Metadata-Version: 2.4
Name: analytics-query-analyzer
Version: 0.3.0
Summary: Analytics Query Analyzer
License: MIT
Classifier: License :: OSI Approved :: MIT License
Requires-Python: >=3.11
Description-Content-Type: text/markdown
License-File: LICENSE
Requires-Dist: sqlglot>=28
Provides-Extra: bigquery
Requires-Dist: google-cloud-bigquery; extra == "bigquery"
Provides-Extra: redshift
Requires-Dist: redshift-connector; extra == "redshift"
Dynamic: license-file

# analytics-query-analyzer

Analyze analytics SQL to extract referenced tables/columns and time bounds.

## Support

BigQuery and Redshift are currently supported.

## Install

Base install:

```bash
pip install analytics-query-analyzer
```

BigQuery extras (only needed for `build_schema`):

```bash
pip install analytics-query-analyzer[bigquery]
```

Redshift extras (only needed for `build_schema`):

```bash
pip install analytics-query-analyzer[redshift]
```

## Usage

### analyze

Extract table/column references from a query.

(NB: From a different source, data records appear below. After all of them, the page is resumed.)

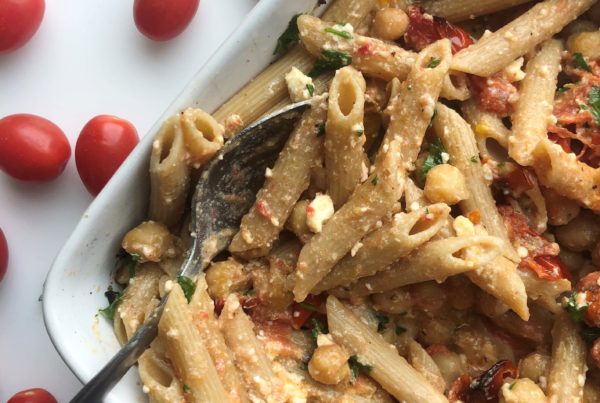 Lemon Feta and Tomato Pasta used for nutrition education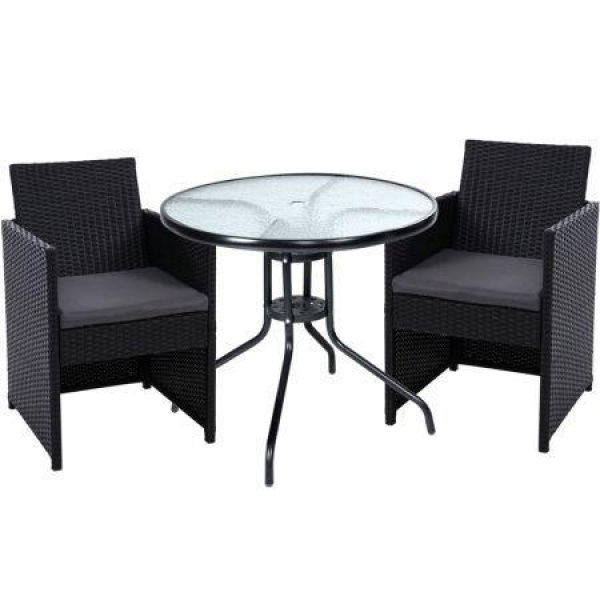 Gardeon 3PC Bistro Set Outdoor Furniture Rattan Table Chairs Cushion Patio Garden Hugo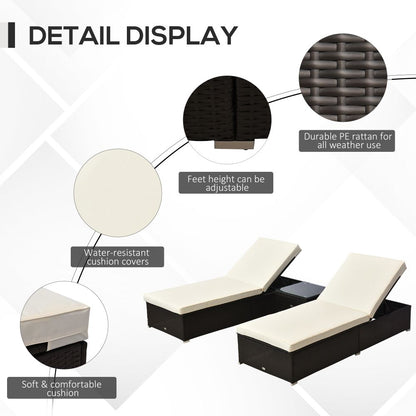 Effortless Elegance: 3-Piece Rattan Lounger Set for Ultimate Outdoor Relaxation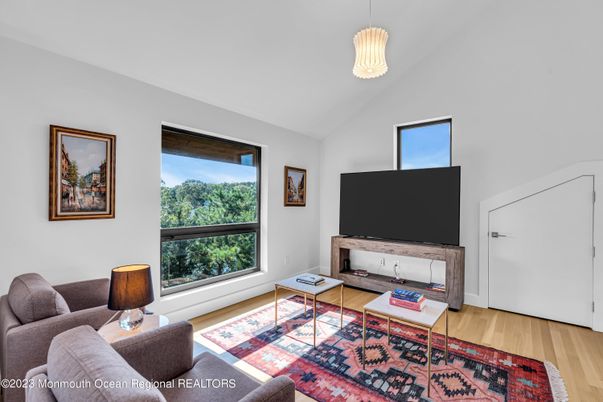 Interior, Living room, Pendant Lights, Wood Texture Flooring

Schema format follows sqlglot conventions, with nested fields represented as nested dicts.

```python
from analytics_query_analyzer import analyze
from sqlglot import dialects

schema = {
    "production": {
        "shop": {
            "orders": {
                "id": "int64",
                "ordered_at": "datetime",
                "user_id": "int64",
                "payment": {
                    "amount": "int64",
                    "method": "string",
                },
            },
        },
    },
}

sql = """
select
    id,
    user_id,
    payment.amount
from
    shop.orders
"""

references = analyze(dialects.BigQuery, sql, schema, "production")
print(references)
# {"production.shop.orders": {"id", "user_id", "payment.amount"}}
```

### analyze_timespan

Extract time bounds from filters.

```python
from analytics_query_analyzer import analyze_timespan
from sqlglot import dialects

schema = {
    "production": {
        "shop": {
            "orders": {
                "id": "int64",
                "ordered_at": "datetime",
                "user_id": "int64",
            },
        },
    },
}

sql = """
select
    *
from
    shop.orders
where
    ordered_at >= "2025-01-01"
    and ordered_at < "2026-01-01"
"""

timespans = analyze_timespan(dialects.BigQuery, sql, schema, "production")
print(timespans)
# {
#   "production.shop.orders.ordered_at": {
#     "lower": "2025-01-01",
#     "upper": "2026-01-01"
#   }
# }
```

To make `current_date()` deterministic, pass a provider:

```python
timespans = analyze_timespan(
    dialects.BigQuery,
    "select * from shop.orders where ordered_at >= current_date()",
    schema,
    "production",
    current_date_provider=lambda: "2026-01-01",
)
```

### build_schema

Fetch a schema dictionary from BigQuery or Redshift.

```python
from analytics_query_analyzer import build_schema
from sqlglot import dialects

schema = build_schema(dialects.BigQuery, "my_project", "my_schema", "my_table")
print(schema)
```

- Authentication uses Application Default Credentials (ADC).
- When `table` is omitted, it scans all tables in the dataset.
- When both `dataset` and `table` are omitted, it scans all datasets in the project.
- The returned `schema` can be passed directly to `analyze` and `analyze_timespan`.

Fetching from Redshift is also supported:

```python
from analytics_query_analyzer import build_schema
from sqlglot import dialects

schema = build_schema(dialects.Redshift, "my_database", "public", "orders")
print(schema)
```

Redshift authentication supports two modes:

- Set `REDSHIFT_HOST`, `REDSHIFT_USER`, and `REDSHIFT_PASSWORD` (optional `REDSHIFT_PORT`).
- Set `REDSHIFT_CLUSTER_IDENTIFIER`, `REDSHIFT_REGION`, and `REDSHIFT_DB_USER` to use IAM (you can also set `REDSHIFT_HOST`/`REDSHIFT_PORT`).
- Use `AWS_PROFILE` if you want to select a non-default AWS profile.